New legislation offers clarity on corporate home purchase ban
A bipartisan housing package advanced this week in the Senate. Meanwhile, another bill targets investor activity in areas hit by natural disasters.
Key points:
- The U.S. Senate voted this week to advance the 21st Century ROAD to Housing Act, a bipartisan package with “broad support” in the real estate industry.
- The legislation aims to limit certain home purchase by large institutional investors, but builders are concerned about one of the bill’s provisions.
- Other bills focused on housing affordability — including one that would shelter building materials from tariffs — are also under consideration.
As the spring homebuying season gets underway — and high costs continue to strain Americans' wallets — lawmakers in Washington, D.C., are trying to address the nation's housing affordability crisis.
In his State of the Union address last month, President Donald Trump vowed to lower mortgage rates but keep home values up for existing homeowners — and he reiterated his intent to ban home purchases by large institutional investors.
While the president has offered scarce details on how these goals will be met, legislators may be attempting to fill in the blanks. These are a few of the approaches they are exploring.

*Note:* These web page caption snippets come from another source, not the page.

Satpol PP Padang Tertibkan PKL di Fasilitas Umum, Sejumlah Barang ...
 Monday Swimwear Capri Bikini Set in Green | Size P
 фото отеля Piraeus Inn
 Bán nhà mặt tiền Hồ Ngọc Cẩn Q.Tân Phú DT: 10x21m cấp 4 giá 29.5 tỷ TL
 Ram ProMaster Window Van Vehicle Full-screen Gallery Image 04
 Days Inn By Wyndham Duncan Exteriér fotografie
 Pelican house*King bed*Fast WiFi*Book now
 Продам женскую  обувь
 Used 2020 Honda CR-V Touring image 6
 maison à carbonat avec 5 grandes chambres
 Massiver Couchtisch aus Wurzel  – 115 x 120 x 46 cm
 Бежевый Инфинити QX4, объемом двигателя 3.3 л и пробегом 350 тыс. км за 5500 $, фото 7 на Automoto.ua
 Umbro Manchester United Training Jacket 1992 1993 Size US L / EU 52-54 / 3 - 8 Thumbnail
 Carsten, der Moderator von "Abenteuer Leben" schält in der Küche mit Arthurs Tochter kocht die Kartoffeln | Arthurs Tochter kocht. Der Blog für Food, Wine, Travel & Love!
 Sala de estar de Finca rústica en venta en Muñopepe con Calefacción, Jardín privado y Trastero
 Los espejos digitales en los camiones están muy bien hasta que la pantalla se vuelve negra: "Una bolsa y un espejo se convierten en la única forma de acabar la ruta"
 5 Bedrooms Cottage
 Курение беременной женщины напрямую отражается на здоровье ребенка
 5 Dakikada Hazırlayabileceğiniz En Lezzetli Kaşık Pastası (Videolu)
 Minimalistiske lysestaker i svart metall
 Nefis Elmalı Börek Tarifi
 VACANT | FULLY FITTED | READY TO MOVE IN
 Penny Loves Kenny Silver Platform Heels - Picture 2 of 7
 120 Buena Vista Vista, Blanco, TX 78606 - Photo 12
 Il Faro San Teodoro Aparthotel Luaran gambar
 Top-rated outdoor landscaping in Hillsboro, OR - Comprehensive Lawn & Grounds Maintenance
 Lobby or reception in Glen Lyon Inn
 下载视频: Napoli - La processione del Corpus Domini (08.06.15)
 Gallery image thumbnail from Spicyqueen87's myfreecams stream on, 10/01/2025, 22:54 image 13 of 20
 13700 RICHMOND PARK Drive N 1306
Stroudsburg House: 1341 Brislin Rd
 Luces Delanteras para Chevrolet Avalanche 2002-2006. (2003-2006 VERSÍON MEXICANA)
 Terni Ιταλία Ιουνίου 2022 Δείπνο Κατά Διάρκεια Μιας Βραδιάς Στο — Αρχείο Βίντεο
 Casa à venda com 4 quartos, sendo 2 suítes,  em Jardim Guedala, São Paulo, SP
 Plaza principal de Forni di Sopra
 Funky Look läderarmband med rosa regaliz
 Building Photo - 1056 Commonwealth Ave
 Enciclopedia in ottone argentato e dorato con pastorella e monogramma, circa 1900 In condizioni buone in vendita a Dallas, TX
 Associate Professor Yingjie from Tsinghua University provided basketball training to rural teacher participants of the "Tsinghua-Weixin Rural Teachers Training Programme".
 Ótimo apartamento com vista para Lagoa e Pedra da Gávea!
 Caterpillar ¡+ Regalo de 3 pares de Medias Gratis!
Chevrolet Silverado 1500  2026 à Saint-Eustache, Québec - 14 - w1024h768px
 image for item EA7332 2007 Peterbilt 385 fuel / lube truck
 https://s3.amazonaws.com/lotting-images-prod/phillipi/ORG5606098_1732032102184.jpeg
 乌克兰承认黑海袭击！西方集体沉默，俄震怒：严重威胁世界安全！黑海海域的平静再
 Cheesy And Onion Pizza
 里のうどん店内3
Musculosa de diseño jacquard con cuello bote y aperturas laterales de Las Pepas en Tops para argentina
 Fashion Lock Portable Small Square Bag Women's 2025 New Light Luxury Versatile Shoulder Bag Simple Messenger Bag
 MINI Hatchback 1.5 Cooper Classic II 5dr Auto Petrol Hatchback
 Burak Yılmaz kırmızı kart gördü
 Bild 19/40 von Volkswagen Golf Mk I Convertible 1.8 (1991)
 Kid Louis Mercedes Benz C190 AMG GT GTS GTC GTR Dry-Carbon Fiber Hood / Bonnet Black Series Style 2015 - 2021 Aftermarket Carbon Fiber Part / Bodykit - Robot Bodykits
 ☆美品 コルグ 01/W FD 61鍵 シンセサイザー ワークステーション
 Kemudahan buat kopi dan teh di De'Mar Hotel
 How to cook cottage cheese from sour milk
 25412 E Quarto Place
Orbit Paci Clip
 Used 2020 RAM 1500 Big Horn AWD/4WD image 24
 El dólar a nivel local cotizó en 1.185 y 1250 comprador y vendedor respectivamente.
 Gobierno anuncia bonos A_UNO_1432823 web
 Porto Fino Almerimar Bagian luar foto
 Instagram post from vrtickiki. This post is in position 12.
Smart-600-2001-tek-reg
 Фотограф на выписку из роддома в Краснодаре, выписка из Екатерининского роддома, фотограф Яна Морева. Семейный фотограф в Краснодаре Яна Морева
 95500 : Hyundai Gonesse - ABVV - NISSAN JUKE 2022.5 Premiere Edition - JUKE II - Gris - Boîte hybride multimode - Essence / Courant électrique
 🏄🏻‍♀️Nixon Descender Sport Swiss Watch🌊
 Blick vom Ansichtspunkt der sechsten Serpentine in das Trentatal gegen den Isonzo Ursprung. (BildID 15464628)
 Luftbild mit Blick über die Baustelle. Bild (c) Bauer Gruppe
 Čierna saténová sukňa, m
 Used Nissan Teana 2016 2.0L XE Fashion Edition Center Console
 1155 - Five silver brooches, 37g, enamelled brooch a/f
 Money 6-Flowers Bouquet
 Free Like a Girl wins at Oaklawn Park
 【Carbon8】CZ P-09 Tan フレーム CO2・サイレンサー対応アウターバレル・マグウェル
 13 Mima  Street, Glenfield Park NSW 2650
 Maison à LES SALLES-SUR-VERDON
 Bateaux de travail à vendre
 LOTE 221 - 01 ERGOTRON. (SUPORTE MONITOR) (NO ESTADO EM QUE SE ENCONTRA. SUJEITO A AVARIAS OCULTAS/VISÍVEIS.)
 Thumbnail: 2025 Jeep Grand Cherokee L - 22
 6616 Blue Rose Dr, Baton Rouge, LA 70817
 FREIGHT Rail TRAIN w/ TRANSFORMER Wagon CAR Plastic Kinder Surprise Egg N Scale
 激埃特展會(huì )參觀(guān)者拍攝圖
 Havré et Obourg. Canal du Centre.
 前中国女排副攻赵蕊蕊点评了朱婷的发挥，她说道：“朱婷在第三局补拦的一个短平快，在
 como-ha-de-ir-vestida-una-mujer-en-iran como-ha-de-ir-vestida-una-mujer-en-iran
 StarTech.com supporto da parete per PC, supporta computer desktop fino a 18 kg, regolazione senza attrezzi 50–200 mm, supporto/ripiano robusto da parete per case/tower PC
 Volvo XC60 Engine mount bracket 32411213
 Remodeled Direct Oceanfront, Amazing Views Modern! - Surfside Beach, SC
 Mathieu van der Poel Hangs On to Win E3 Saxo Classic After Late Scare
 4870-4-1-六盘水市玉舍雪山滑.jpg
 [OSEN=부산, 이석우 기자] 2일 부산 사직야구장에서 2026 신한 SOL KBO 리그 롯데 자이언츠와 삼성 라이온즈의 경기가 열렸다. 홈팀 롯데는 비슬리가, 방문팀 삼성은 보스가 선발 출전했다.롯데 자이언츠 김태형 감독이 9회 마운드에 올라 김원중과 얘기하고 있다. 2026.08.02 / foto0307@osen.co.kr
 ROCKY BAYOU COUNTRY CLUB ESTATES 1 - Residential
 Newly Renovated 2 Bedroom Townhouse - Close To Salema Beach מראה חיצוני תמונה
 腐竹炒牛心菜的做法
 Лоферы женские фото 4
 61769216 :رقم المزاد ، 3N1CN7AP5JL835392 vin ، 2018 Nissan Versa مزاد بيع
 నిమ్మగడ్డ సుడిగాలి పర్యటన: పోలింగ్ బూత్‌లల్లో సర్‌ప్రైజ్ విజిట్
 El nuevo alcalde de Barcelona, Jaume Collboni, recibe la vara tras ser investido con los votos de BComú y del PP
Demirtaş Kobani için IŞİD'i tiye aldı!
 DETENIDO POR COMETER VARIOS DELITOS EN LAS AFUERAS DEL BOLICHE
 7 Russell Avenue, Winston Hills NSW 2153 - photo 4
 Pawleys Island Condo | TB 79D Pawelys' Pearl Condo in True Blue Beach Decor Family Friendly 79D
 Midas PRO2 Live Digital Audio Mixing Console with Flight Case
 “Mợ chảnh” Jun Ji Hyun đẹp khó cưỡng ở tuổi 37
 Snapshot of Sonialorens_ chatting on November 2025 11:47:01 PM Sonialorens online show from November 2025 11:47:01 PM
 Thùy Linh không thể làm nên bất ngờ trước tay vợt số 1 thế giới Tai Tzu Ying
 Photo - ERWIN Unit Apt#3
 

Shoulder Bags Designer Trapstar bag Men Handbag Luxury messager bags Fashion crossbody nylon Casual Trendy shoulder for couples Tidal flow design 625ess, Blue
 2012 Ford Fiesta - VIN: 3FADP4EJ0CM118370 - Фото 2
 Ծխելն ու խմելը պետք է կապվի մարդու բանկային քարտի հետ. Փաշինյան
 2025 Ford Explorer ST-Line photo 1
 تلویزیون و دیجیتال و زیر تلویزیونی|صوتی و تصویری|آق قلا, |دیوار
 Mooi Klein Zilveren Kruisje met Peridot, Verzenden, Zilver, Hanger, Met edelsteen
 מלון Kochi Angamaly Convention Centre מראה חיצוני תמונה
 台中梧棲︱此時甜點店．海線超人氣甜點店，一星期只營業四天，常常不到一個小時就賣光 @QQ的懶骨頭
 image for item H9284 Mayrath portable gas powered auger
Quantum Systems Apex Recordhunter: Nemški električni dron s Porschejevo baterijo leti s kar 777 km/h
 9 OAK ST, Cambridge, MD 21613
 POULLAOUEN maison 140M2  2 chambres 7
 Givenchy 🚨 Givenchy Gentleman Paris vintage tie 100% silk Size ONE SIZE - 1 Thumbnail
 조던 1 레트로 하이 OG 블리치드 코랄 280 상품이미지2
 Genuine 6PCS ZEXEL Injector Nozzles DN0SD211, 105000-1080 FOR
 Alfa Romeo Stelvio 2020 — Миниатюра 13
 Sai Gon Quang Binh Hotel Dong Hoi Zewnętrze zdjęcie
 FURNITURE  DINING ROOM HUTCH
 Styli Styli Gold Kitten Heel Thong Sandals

Targeting corporate homebuyers
On Feb. 24, Democratic senators introduced The American Homeownership Act, a bill the group said would eliminate some of the financial incentives that benefit Wall Street landlords and bolster antitrust officials who review corporate home purchases.
In a news release, co-sponsor Sen. Jeff Merkley of Oregon said hedge funds are "a significant factor in killing the dream of home ownership" and vowed to work with politicians on both sides of the aisle who are "serious about driving down home prices."
Two days later, Merkley and Republican Sen. Josh Hawley of Missouri introduced another bill, dubbed the Homes for American Families Act, aimed at blocking large institutional investors — defined as companies or funds with $150 million or more in assets — from buying single-family homes.
"Wall Street has exploited the American housing crisis," Hawley said in a news release, adding that families shouldn't have to compete "with big investment companies that irrevocably drive up housing prices."
Bipartisan package combines housing proposals
After the Housing for the 21st Century Act passed in the U.S. House of Representatives last month, Sens. Tim Scott of South Carolina and Elizabeth Warren of Massachusetts introduced a bipartisan package known as the 21st Century ROAD to Housing Act. The Senate voted to advance the package on March 4.
The legislation contains most of the ROAD to Housing Act, which had support in the Senate but lost steam last fall, and most of the Housing for the 21st Century Act. It also "takes a good first step to rein in corporate landlords that are squeezing families out of homeownership," Warren said in a news release.
The package focuses on cutting red tape, lowering costs, adding housing supply — a priority largely absent from earlier White House proposals — and helping Americans "have even greater access to economic opportunity and the American dream of homeownership," Scott said.
It has "broad support" in the real estate industry, according to NAR, but the National Association of Home Builders (NAHB) has raised concerns about a proposed requirement for build-to-rent investors to divest within seven years.
"For most investors that is a level of uncertainty that we've heard they're not willing to take," NAHB Chief Advocacy Officer Ken Wingert told Bloomberg.
What the NAHB is supporting
The NAHB has applauded the advancement of The Homeowner Energy Freedom Act, a bill that passed in the House in late February. The act would toss building codes and energy regulations — which backers say increase prices without addressing "the root cause of higher costs" — introduced during the previous presidential administration.
Some opponents argue that it would eliminate programs that help homeowners and contractors afford cost-saving upgrades. But the NAHB says the bill would remove energy compliance requirements that "make it much harder for home builders and multifamily developers to build housing that is available and affordable for American families."
The NAHB also supports a bill brought by two Democratic senators in late February that would exclude home building materials from tariffs introduced by the president.
"Roughly 60% of builders have already seen cost increases due to tariffs, which means higher housing costs for American home buyers and renters," NAHB Chairman Bill Owens said in a news release, calling the bill "an important step" in addressing the housing affordability crunch.
Another investor ban angle
Fourteen months after deadly wildfires began tearing through parts of Southern California, one of the Golden State's senators introduced legislation aimed at limiting corporate home purchases in areas devastated by natural disasters.
In the wake of these events, investors often pop up with "dramatically lower offers for land than what would otherwise be market price," according to the office of Sen. Adam Schiff, who introduced the legislation this week.
Recent Redfin data indicates that in the third quarter of 2025, investors bought about 1 in 4 vacant lots that sold in the Pacific Palisades — one of the neighborhoods hardest hit by last year's fires.
Schiff's bill specifically targets investors who own 75 or more single-family homes. It would block them from making offers on impacted homes, lots or parcels "during the 6-month period following the declaration of a major disaster."